Data for processing
┌──

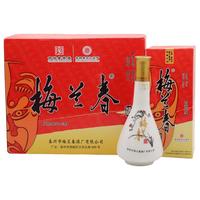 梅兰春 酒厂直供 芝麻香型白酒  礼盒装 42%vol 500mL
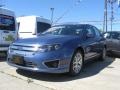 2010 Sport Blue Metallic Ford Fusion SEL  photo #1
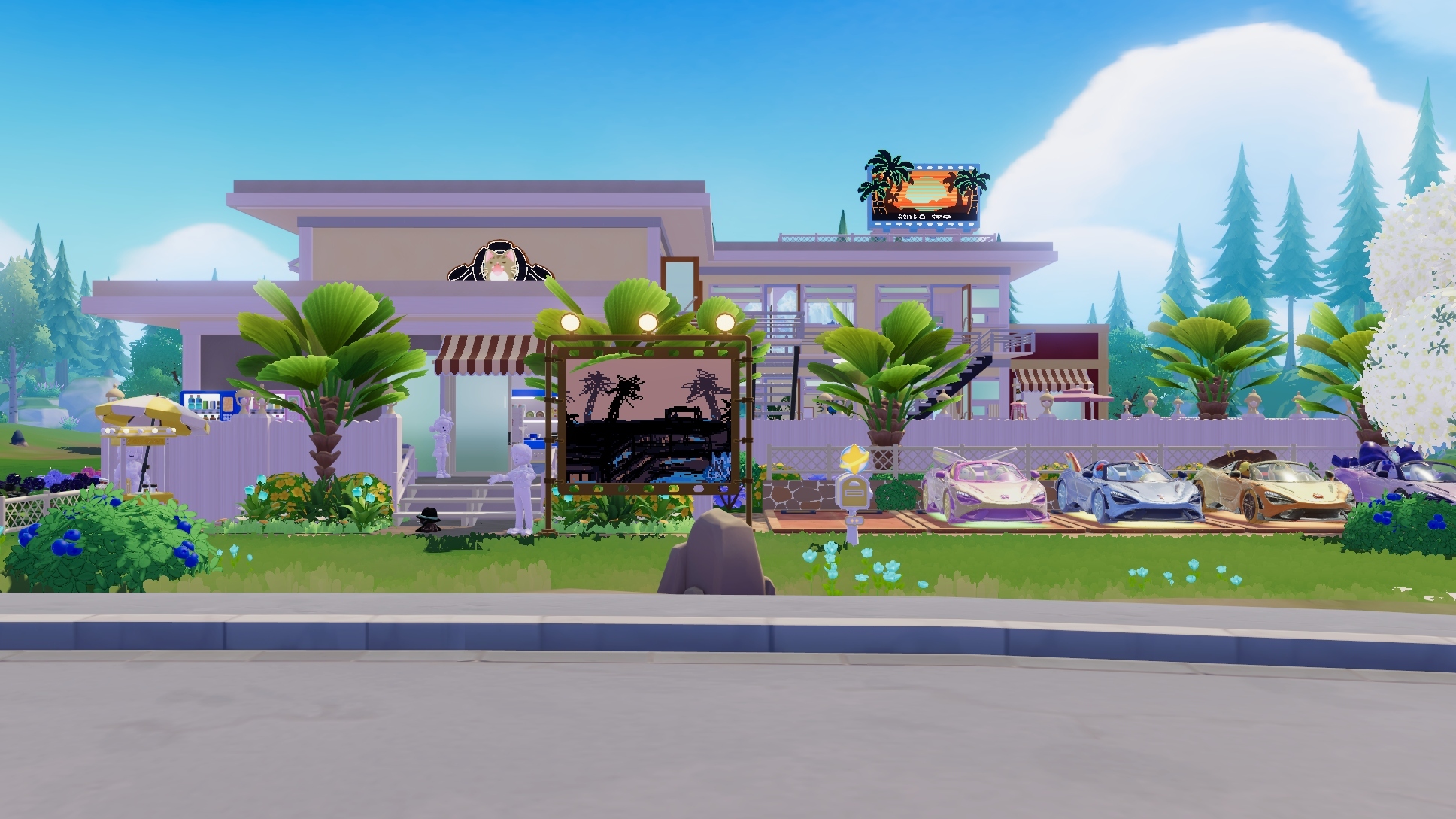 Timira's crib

└──
┌──

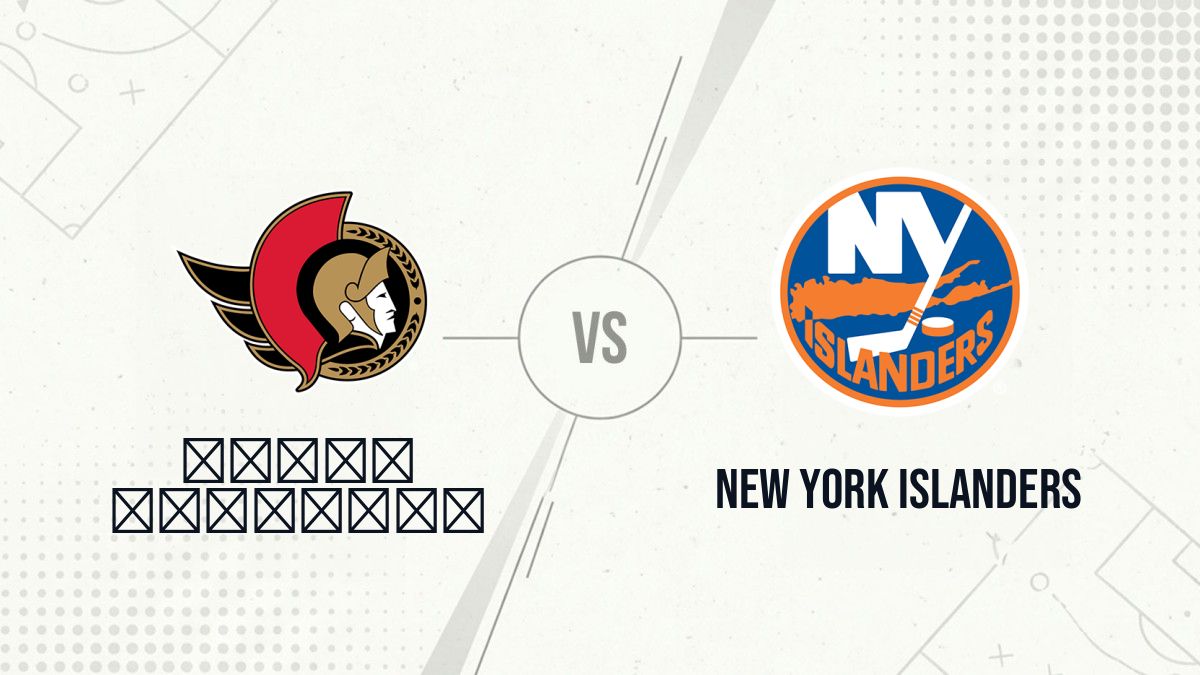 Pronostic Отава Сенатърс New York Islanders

└──
┌──

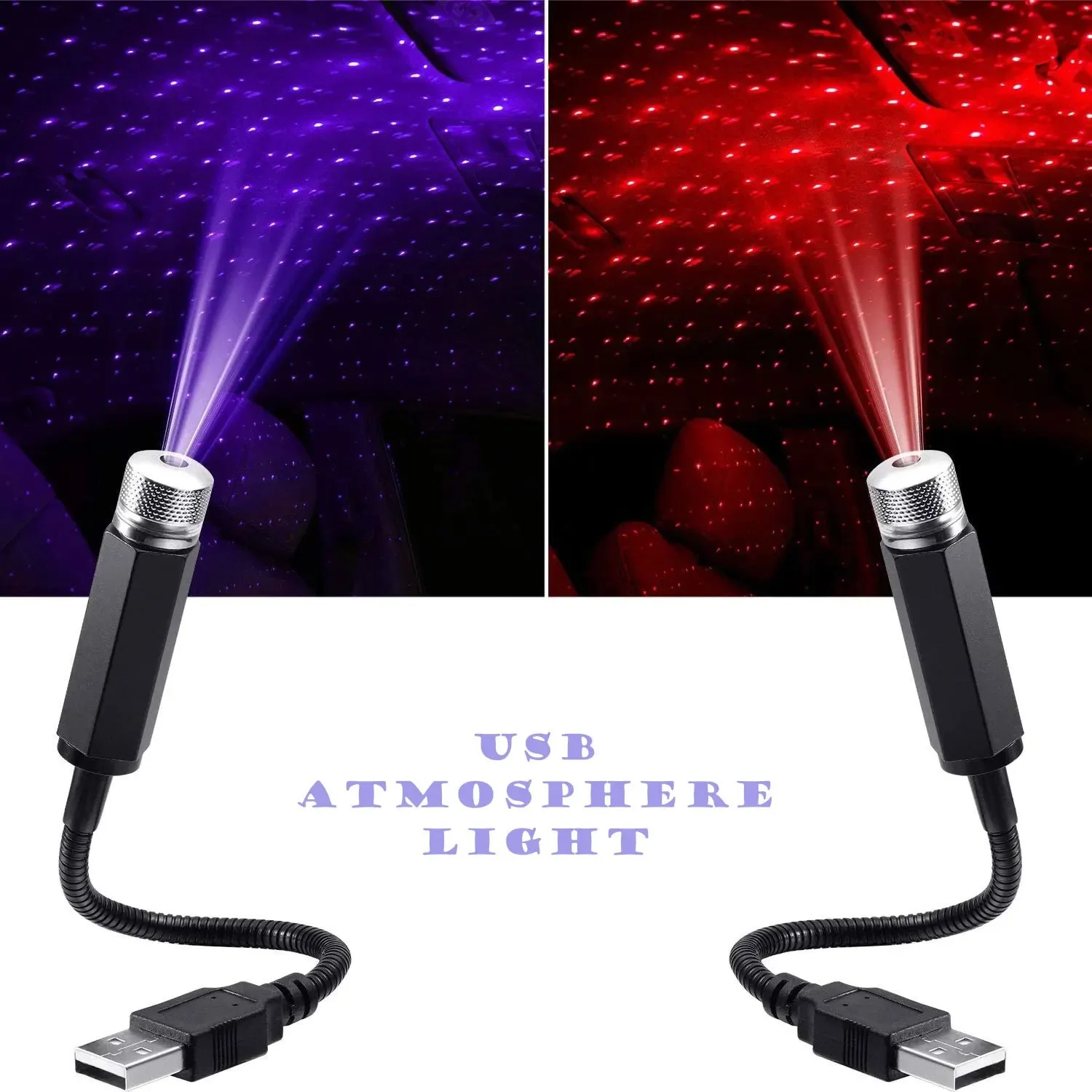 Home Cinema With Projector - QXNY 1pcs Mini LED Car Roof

└──

Your assignment
In the entries above, find the line containing "2010 Sport Blue" and the line containing "Timira's crib"; give again exactly those two lines and every line between them, minus the pictures.

Solution to this task
 2010 Sport Blue Metallic Ford Fusion SEL  photo #1
 Timira's crib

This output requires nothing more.